[RECORDS PROVIDED]

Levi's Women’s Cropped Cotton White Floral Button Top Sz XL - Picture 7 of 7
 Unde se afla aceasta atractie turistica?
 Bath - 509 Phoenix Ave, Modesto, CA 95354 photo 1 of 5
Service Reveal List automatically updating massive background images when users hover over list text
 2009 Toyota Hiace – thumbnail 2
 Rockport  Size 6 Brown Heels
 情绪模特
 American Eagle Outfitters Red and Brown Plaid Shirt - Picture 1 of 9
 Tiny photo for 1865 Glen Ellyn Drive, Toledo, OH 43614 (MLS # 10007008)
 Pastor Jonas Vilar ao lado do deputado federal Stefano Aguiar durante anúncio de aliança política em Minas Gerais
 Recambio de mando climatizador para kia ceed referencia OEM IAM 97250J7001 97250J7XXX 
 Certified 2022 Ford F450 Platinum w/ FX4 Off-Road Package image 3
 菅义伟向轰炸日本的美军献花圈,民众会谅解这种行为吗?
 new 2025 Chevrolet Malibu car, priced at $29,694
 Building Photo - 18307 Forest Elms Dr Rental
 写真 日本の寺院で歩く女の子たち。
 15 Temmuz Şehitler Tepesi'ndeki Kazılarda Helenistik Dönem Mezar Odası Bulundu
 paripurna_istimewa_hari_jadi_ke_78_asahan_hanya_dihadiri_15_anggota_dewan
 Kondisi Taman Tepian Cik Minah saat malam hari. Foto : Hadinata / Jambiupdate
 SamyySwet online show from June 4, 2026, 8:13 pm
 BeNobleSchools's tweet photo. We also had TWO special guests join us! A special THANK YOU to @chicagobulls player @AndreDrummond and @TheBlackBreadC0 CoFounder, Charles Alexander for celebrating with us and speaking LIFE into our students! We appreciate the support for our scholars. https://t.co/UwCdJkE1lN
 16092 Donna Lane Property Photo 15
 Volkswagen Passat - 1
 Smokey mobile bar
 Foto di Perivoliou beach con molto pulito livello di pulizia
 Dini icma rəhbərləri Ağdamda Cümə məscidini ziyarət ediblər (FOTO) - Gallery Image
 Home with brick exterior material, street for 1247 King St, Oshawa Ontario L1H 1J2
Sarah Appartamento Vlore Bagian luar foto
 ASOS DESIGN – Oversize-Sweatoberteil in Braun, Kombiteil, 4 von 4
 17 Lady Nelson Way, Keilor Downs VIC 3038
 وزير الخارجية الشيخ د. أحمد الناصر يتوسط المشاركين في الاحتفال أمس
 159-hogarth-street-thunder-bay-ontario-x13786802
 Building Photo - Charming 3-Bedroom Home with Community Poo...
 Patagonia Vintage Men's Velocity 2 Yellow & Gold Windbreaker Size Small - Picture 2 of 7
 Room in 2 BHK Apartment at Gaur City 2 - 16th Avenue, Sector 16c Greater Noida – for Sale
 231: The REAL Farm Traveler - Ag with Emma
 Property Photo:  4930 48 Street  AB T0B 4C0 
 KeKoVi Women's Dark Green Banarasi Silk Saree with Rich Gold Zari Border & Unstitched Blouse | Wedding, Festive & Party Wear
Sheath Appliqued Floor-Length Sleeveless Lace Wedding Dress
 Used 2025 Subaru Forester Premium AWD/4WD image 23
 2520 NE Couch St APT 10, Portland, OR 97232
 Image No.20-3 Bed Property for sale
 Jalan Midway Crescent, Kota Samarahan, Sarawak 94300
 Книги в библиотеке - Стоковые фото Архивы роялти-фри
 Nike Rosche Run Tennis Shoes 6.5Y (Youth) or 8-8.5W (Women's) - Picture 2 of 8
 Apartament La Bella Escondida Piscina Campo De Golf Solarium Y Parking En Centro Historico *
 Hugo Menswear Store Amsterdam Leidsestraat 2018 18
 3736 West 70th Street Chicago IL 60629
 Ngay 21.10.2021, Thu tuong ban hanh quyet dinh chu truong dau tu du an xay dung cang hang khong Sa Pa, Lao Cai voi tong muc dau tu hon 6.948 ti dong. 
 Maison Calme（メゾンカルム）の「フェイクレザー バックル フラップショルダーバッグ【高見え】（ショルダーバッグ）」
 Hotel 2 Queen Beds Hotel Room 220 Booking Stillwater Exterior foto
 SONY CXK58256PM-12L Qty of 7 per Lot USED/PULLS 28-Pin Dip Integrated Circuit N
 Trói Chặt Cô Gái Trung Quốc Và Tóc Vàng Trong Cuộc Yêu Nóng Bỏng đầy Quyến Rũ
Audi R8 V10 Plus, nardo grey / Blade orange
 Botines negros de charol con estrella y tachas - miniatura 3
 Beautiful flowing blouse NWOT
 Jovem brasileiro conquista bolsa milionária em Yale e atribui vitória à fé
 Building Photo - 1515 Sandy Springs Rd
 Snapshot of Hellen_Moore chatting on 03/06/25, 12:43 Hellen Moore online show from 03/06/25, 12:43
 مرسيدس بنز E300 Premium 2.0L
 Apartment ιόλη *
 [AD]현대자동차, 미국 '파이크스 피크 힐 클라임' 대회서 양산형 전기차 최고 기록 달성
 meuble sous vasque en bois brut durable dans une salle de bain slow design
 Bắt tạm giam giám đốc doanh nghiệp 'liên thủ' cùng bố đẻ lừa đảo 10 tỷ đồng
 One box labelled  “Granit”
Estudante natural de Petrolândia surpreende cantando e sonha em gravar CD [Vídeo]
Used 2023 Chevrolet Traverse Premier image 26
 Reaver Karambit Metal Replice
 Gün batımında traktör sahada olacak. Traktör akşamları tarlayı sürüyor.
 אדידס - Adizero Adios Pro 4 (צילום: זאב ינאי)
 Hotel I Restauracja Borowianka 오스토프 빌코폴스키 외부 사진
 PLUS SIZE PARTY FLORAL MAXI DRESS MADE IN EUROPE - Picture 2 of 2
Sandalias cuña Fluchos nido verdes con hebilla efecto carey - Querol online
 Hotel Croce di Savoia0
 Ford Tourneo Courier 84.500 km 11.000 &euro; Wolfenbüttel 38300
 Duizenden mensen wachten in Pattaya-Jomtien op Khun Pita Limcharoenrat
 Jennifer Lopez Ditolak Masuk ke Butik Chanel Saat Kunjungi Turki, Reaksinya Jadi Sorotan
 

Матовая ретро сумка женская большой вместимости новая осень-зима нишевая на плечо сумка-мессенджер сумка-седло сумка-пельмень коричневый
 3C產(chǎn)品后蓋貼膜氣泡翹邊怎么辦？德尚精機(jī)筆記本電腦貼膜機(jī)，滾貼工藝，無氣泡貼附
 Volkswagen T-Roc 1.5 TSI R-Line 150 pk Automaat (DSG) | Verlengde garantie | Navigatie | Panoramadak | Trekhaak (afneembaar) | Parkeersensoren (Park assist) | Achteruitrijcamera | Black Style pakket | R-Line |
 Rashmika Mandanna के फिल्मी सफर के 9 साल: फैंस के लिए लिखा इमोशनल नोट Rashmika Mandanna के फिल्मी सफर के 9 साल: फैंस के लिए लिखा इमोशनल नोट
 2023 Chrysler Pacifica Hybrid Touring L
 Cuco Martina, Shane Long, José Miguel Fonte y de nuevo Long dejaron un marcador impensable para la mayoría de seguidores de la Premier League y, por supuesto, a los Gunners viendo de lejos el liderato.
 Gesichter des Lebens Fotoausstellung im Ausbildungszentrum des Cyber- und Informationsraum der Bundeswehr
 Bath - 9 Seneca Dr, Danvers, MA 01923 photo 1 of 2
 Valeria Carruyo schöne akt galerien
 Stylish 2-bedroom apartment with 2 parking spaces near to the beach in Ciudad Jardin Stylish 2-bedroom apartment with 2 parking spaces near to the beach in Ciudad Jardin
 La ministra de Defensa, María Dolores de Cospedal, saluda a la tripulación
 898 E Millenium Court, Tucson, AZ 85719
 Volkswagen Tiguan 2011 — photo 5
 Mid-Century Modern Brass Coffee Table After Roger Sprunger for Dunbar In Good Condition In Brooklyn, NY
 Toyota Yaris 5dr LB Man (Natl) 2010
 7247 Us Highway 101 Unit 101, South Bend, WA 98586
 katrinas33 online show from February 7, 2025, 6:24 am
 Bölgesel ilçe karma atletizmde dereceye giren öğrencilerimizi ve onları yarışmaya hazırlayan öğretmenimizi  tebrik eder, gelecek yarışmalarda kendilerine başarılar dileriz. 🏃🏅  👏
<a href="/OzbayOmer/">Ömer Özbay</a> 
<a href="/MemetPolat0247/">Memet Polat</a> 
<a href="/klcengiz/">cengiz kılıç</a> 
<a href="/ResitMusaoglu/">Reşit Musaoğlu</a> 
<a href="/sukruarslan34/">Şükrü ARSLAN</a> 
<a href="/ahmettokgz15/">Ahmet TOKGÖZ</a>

[/RECORDS PROVIDED]

(TASK PROMPT):
Exact copies of the lines from the start of the data up to the line holding "American Eagle Outfitters", both included, are all that is needed.

(ANSWER BOX):
Levi's Women’s Cropped Cotton White Floral Button Top Sz XL - Picture 7 of 7
 Unde se afla aceasta atractie turistica?
 Bath - 509 Phoenix Ave, Modesto, CA 95354 photo 1 of 5
Service Reveal List automatically updating massive background images when users hover over list text
 2009 Toyota Hiace – thumbnail 2
 Rockport  Size 6 Brown Heels
 情绪模特
 American Eagle Outfitters Red and Brown Plaid Shirt - Picture 1 of 9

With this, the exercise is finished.